→ Records to process:
----

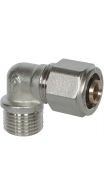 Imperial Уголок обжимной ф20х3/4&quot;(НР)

----

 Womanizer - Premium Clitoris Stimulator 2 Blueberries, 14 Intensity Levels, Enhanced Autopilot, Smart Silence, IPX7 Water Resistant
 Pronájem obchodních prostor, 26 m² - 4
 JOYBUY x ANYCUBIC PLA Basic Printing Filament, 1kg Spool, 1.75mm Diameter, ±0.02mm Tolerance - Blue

----

→ Your objective:
The response should hold exactly the lines starting at the line with "Womanizer - Premium" and ending at the line with "JOYBUY x ANYCUBIC", and no other line of the material above.

→ Worked solution:
 Womanizer - Premium Clitoris Stimulator 2 Blueberries, 14 Intensity Levels, Enhanced Autopilot, Smart Silence, IPX7 Water Resistant
 Pronájem obchodních prostor, 26 m² - 4
 JOYBUY x ANYCUBIC PLA Basic Printing Filament, 1kg Spool, 1.75mm Diameter, ±0.02mm Tolerance - Blue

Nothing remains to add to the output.